AMD's new Instinct MI300X AI accelerator with 192GB of HBM3E has had a deep dive at Hot Chips 2024 this week, as well as the company teasing its refreshed MI325X with 288GB of HBM3E later this year.
Inside, AMD's new Instinct MI300X AI Accelerator features a total of 153 billion transistors, using a mix of TSMC's new 5nm and 6nm FinFET process nodes. There are 8 chiplets that feature 4 shared engines, and each shared engine contains 10 compute units.
The entire chip packs 32 shader engines, with a total of 40 shader engines inside of a single XCD and 320 in total across the entire package. Each individual XCD has its dedicated L2 cache, and out the outskirts of the package, features the Infinity Fabric Link, 8 HBM3 IO sites, and a single PCIe Gen5 link with 128GB/sec of bandwidth that connects the MI300X to an AMD EPYC CPU.
AMD uses its in-house 4th Gen Infinity Fabric on its Insintct MI300X AI accelerator, with up to 896GB/sec of bandwidth. MI300X also uses Infinity Fabric Advanced Package link, connecting all of the chips with up to 4.8TB/sec of bisection bandwidth, while the XCD/IOD interface is at 2.TB/sec bandwidth.
AMD provided a full block diagram of the MI300X architecture, with each XCD containing 2 compute units disabled, for a total of 304 CUs in MI300X out of the full 320 CU design. The full chip packs 20,480 cores while the MI300X has 19,456 cores. AMD also has 256MB of dedicated Infinity Cache on the MI300X, too.
The company also points out that its Instinct MI300X is the first AI accelerator to feature an 8-stack HBM3 memory design, with the 8-stack design allowing AMD to reach 1.5x higher capacity (128GB to 192GB) but also 1.6x higher memory bandwidth (3TB/sec to 5.2TB/sec) versus the MI250X.
AMD says that with the larger and faster HBM memory, the new Instinct MI300X can handle larger LLMs (FP16) sizes of up to 70B in training, and 680B in inference. NVIDIA HGX H100 systems can only handle LLM models of up to 30B in training and up to 290B in inference.

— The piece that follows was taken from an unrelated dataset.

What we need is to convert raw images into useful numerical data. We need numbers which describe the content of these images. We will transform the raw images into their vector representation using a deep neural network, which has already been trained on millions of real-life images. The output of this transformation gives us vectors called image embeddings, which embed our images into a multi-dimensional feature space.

One of the cool features of the Instinct MI300X is that AMD has its in-house Spatial portioning technology, allowing users to partition the XCDs depending on their workloads. Each of the XCDs operate together as a single processor, but they can be partioned and then grouped to appear as multiple GPUs.

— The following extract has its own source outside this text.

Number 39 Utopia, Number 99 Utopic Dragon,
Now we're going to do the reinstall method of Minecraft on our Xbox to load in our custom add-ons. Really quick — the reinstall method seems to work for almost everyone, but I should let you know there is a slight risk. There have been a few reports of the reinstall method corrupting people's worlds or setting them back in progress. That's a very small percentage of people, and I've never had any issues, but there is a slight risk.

AMD did tease its refreshed Instinct MI325X AI accelerator for October, which will pack HBM3E memory, and up to 288GB of it, with even higher speeds. AMD promises 1.3x more memory bandwidth, and 1.3x peak theoretical FP16 and FP8 compute performance improvements over the Instinct MI300X and its HBM3 memory.

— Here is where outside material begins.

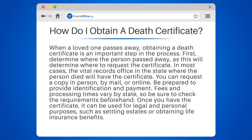How do I obtain a death certificate? When a loved one passes away, obtaining a death certificate is an important step in the process. First, determine where the person passed away, as this will determine where to request the certificate. In most cases, the vital records office in the state where the person died will have the certificate.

- Read more: AMD to source HBM3E memory from Samsung for its new AI GPUs, starting with Instinct MI325X
- Read more: AMD teases Instinct MI325X refresh in Q4, MI350 'CDNA 4' in 2025, MI400 'CDNA Next' in 2026
In 2026 we'll be introduced to the next-gen Instinct MI400 series which is based on a future-gen CDNA architecture that the company has dubbed "CDNA Next".
The new AMD Instinct MI325X accelerator, which will bring 288GB of HBM3E memory and 6 terabytes per second of memory bandwidth, use the same industry standard Universal Baseboard server design used by the AMD Instinct MI300 series, and be generally available in Q4 2024. The accelerator will have industry leading memory capacity and bandwidth, 2x and 1.3x better than the competition respectively4, and 1.3x better5 compute performance than competition.
The first product in the AMD Instinct MI350 Series, the AMD Instinct MI350X accelerator, is based on the AMD CDNA 4 architecture and is expected to be available in 2025. It will use the same industry standard Universal Baseboard server design as other MI300 Series accelerators and will be built using advanced 3nm process technology, support the FP4 and FP6 AI datatypes and have up to 288 GB of HBM3E memory.
AMD CDNA "Next" architecture, which will power the AMD Instinct MI400 Series accelerators, is expected to be available in 2026 providing the latest features and capabilities that will help unlock additional performance and efficiency for inference and large-scale AI training.